Mas se um golpista está disposto a criar um site falso só para roubar suas informações, o que impediria essa pessoa de falsificar um certificado também? Felizmente, não é tão fácil assim. Sempre que seu navegador se conecta a um site, esse site envia seu certificado, juntamente com certificados intermediários que formam uma cadeia até uma autoridade certificadora (CA) raiz confiável — já reconhecida pelo navegador. O navegador então usa criptografia de chave pública para verificar a assinatura digital de cada certificado na cadeia. Se tudo estiver certo, ele aprova a conexão. Isso torna praticamente impossível falsificar um certificado sem comprometer ou se passar por uma CA. Isso não é impossível, mas é extremamente improvável — o último grande incidente de comprometimento de uma CA aconteceu em 2017. Os navegadores e sistemas operacionais já vêm com uma lista de autoridades certificadoras confiáveis, e essas listas são atualizadas regularmente pelos fabricantes, removendo CAs comprometidas ou não confiáveis e adicionando novas. Os usuários também podem adicionar CAs manualmente, mas devem fazê-lo com extremo cuidado.
Agora, voltando ao papel do AdGuard nisso tudo. Suponha que você tenha instalado um app do AdGuard para Windows, Mac ou Android (as extensões de navegador e o app para iOS funcionam de forma diferente), e seu navegador tenta se conectar a um servidor web. O AdGuard se posiciona "entre" o navegador e o servidor, fazendo com que o tráfego passe primeiro por ele. Mas assim como o navegador precisa confiar no servidor ao se conectar diretamente, ele também precisa confiar no AdGuard nesse cenário — caso contrário, não haveria como o AdGuard descriptografar o tráfego HTTPS. E como já vimos, isso requer um certificado confiável. Por isso, durante a instalação, o AdGuard gera um certificado raiz especial e o instala no seu sistema.
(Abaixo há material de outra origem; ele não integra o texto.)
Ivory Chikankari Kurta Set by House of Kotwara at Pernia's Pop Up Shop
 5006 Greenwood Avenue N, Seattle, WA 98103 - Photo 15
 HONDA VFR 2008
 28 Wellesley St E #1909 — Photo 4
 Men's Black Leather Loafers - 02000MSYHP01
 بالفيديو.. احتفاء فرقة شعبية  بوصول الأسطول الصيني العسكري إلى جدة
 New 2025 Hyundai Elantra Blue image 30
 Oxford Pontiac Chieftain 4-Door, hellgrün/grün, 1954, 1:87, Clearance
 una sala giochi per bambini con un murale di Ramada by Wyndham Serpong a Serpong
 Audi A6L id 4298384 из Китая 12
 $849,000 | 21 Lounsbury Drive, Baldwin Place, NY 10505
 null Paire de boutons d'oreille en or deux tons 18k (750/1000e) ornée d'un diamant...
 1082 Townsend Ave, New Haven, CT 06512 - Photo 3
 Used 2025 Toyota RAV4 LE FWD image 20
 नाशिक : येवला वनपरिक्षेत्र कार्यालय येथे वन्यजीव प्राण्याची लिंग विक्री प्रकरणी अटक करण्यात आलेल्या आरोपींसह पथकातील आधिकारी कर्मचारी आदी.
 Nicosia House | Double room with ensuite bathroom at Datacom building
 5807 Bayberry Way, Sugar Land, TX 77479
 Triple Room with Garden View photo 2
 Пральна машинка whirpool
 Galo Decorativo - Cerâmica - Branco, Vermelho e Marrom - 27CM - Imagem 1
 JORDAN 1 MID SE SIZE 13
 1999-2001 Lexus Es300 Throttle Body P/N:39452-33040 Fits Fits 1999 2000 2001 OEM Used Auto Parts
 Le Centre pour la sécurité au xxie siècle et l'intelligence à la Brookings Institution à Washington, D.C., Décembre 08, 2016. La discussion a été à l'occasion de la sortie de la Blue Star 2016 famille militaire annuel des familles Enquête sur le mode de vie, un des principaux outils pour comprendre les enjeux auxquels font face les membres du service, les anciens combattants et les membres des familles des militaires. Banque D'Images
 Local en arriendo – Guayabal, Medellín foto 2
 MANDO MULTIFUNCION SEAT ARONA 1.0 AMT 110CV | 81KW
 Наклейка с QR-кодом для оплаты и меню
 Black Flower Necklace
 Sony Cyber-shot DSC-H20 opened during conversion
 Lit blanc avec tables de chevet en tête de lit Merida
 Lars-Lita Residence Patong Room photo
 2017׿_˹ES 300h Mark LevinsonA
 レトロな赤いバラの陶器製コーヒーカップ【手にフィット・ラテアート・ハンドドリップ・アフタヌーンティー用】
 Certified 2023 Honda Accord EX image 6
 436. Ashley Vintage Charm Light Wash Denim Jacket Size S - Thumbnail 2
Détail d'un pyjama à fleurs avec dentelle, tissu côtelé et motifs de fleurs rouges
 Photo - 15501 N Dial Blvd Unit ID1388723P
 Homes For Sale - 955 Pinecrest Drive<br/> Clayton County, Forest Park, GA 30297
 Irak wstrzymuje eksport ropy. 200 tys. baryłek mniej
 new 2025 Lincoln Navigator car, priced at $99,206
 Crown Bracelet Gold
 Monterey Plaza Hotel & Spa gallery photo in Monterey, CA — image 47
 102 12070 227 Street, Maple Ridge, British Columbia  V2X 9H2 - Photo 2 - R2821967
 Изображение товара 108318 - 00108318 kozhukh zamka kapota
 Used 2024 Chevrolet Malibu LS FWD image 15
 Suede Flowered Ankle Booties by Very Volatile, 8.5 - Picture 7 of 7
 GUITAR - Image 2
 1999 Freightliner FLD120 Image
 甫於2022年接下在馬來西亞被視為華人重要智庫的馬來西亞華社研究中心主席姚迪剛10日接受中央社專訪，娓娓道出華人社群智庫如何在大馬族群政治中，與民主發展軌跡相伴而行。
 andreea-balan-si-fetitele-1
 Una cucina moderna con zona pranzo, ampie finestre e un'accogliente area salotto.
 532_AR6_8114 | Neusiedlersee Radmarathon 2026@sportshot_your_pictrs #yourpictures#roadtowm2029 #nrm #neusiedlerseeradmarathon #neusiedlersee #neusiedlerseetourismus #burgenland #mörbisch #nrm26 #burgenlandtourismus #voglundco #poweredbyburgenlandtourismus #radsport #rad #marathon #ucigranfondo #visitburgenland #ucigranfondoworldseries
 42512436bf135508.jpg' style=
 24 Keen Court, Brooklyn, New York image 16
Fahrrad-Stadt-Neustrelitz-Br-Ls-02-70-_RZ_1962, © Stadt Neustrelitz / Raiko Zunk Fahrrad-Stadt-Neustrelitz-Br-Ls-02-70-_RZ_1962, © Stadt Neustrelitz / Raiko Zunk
Mencionamos anteriormente que os usuários não devem adicionar certificados personalizados sem necessidade — e mantemos essa recomendação. Existe uma razão para isso: se você confiar em alguém que não deveria, as consequências podem ser graves. Mas nós levamos a segurança muito a sério. Na criptografia de chave pública, é extremamente importante manter sua chave privada segura, e o AdGuard gera essa chave localmente no seu dispositivo. Ela é criptografada e armazenada localmente — nunca é compartilhada com ninguém, e nem mesmo nós temos acesso a ela.
E claro, seu tráfego de saída permanece seguro com o AdGuard. Após descriptografar o tráfego HTTPS e bloquear todos os anúncios e rastreadores encontrados ali, ele recriptografa tudo novamente. O AdGuard também verifica a autenticidade do servidor web conferindo seu certificado — exatamente como seu navegador faria. Nós tomamos medidas de segurança adicionais — você pode saber mais sobre elas neste artigo da base de conhecimento.
Em resumo, o AdGuard não aumenta diretamente a segurança da sua conexão, mas também não representa riscos adicionais. Você pode instalar o aplicativo AdGuard no seu dispositivo com a confiança de que seu tráfego estará livre de anúncios e rastreadores — e continuará seguro.